### TASK INSTRUCTIONS:
This exercise calls for the line with "Disneys Nightmare Before", the line with "Grace Kennison painting", and all lines between them in the material below, output exactly and with no other lines.

### EXERCISE DATA:
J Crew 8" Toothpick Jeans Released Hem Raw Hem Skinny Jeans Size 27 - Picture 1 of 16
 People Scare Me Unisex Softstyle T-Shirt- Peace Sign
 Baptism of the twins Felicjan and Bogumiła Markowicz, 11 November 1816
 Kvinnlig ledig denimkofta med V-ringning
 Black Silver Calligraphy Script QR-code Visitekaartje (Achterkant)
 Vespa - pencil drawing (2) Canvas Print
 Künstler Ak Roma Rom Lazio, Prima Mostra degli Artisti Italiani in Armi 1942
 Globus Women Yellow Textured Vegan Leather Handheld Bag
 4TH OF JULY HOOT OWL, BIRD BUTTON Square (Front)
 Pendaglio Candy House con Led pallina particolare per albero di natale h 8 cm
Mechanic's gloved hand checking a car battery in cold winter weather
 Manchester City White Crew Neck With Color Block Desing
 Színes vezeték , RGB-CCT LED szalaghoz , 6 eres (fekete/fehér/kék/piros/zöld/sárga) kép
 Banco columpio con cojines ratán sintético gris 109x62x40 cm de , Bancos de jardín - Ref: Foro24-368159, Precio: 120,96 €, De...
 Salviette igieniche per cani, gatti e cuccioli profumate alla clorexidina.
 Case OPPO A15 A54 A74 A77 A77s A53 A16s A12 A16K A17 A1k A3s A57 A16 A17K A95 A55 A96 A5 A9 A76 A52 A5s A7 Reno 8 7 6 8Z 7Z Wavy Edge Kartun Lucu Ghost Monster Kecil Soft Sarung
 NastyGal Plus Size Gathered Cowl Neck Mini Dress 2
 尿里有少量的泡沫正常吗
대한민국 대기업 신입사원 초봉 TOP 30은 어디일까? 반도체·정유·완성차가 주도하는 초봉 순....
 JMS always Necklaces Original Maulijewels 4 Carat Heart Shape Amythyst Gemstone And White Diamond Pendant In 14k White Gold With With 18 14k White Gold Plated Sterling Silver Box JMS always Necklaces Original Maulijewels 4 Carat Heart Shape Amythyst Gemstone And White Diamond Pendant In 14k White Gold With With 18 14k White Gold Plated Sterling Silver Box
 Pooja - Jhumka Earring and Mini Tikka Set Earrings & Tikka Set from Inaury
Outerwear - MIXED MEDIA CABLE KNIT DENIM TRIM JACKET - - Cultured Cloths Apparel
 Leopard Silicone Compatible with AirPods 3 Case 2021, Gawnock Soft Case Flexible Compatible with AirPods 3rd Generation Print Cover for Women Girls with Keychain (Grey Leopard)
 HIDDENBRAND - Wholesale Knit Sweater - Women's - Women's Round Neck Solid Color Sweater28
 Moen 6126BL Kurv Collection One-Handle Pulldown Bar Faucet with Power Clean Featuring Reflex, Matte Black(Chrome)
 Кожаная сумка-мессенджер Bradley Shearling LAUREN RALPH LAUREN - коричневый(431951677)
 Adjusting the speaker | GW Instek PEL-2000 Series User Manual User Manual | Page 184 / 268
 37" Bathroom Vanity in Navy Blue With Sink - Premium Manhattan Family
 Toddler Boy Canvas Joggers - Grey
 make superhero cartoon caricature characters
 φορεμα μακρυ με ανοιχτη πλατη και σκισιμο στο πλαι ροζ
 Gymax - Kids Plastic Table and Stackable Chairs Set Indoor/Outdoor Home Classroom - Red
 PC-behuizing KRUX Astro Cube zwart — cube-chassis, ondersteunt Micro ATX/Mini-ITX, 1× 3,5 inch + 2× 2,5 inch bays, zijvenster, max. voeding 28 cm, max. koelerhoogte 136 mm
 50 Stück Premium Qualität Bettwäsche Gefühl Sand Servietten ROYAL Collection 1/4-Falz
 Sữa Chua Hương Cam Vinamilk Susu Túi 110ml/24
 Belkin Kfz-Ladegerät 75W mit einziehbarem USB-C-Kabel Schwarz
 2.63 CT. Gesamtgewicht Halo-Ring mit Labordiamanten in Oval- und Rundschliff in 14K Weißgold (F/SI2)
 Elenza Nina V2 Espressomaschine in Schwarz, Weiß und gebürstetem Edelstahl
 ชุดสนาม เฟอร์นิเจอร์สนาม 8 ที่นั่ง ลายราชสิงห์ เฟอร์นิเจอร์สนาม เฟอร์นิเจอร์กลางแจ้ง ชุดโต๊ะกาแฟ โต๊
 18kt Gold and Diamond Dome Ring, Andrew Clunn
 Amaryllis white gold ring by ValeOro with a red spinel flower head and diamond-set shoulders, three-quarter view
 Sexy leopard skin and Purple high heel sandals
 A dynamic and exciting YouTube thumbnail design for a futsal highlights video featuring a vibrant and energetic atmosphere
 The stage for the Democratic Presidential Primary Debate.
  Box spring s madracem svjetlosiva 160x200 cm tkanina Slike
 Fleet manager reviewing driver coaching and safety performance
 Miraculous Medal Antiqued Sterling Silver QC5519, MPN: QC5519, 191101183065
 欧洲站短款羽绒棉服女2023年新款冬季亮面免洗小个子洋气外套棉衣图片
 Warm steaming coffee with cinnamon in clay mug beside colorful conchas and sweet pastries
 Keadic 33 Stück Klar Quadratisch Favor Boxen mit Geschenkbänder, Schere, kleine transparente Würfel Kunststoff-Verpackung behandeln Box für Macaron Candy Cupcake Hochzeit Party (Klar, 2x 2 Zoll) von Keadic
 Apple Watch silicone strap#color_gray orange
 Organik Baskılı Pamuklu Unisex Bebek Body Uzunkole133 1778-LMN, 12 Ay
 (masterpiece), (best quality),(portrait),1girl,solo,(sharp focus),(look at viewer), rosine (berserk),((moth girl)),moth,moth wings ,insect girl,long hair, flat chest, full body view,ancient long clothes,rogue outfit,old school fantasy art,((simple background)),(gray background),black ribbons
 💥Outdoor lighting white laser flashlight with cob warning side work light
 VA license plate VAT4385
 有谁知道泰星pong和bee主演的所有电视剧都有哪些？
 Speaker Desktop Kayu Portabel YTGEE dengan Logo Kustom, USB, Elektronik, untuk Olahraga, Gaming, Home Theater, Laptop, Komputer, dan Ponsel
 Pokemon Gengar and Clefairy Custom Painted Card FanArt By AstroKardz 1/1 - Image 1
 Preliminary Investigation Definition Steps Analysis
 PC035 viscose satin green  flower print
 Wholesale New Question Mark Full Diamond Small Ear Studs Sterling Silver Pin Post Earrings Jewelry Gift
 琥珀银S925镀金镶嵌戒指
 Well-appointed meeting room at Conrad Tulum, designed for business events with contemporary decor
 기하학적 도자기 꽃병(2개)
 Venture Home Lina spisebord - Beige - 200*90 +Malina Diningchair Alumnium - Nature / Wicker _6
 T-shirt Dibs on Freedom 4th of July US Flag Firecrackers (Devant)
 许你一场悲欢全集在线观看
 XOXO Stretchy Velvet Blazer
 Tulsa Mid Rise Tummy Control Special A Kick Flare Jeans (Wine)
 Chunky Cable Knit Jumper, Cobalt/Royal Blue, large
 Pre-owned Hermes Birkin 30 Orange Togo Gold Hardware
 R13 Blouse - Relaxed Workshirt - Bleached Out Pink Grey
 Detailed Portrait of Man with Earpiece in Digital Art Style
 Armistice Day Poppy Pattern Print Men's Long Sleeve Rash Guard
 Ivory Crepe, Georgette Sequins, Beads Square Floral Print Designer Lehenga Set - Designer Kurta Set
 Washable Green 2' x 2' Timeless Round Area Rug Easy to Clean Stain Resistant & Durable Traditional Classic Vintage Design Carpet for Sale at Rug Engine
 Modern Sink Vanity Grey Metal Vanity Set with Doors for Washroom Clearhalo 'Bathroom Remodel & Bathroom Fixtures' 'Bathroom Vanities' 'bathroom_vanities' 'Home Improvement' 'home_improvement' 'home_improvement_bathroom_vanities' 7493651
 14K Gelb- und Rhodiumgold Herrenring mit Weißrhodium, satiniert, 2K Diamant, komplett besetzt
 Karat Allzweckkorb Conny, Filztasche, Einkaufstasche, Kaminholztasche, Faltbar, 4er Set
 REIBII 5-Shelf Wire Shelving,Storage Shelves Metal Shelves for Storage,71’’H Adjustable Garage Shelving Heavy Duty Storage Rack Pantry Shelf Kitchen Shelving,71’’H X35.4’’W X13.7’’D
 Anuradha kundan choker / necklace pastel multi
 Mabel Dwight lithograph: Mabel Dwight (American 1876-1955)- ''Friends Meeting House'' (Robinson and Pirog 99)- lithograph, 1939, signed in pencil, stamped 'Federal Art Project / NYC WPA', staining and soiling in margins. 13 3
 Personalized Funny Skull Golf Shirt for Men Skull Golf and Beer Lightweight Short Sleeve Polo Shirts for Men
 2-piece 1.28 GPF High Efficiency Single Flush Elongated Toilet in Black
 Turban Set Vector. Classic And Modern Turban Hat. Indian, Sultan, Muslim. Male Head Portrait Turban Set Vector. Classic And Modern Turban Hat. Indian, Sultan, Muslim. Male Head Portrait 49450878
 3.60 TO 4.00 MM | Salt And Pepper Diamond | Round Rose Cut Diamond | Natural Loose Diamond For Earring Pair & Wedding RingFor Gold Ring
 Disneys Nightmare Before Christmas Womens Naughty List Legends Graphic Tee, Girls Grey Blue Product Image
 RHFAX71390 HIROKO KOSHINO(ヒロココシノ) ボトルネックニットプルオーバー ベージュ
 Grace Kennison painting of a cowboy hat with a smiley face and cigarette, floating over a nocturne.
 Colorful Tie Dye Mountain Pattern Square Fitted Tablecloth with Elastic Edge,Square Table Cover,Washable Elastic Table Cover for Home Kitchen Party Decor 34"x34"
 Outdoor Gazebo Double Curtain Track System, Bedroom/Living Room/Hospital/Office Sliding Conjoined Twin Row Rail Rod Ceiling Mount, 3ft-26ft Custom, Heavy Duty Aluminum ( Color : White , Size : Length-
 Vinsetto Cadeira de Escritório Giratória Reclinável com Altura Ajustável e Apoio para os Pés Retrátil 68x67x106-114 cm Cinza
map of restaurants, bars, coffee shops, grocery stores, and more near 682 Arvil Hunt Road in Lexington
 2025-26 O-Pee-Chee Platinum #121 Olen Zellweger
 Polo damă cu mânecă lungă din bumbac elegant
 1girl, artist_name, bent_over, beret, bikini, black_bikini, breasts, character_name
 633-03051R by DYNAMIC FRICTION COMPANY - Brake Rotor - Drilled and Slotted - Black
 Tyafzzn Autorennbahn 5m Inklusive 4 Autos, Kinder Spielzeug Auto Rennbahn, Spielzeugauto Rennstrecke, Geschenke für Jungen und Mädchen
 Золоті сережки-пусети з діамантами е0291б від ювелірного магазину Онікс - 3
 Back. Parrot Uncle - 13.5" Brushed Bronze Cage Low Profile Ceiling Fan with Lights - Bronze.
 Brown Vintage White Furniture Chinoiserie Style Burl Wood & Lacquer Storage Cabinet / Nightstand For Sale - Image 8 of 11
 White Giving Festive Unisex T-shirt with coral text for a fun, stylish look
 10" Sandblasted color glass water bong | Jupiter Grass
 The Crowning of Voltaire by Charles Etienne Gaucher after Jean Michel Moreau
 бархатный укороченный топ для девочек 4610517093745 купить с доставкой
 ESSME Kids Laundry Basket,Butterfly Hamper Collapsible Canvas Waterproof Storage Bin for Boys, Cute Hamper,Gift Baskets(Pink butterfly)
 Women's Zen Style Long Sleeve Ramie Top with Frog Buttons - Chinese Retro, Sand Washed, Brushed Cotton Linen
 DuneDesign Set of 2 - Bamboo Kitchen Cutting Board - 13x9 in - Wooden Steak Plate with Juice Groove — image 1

### RESPONSE BELOW:
 Disneys Nightmare Before Christmas Womens Naughty List Legends Graphic Tee, Girls Grey Blue Product Image
 RHFAX71390 HIROKO KOSHINO(ヒロココシノ) ボトルネックニットプルオーバー ベージュ
 Grace Kennison painting of a cowboy hat with a smiley face and cigarette, floating over a nocturne.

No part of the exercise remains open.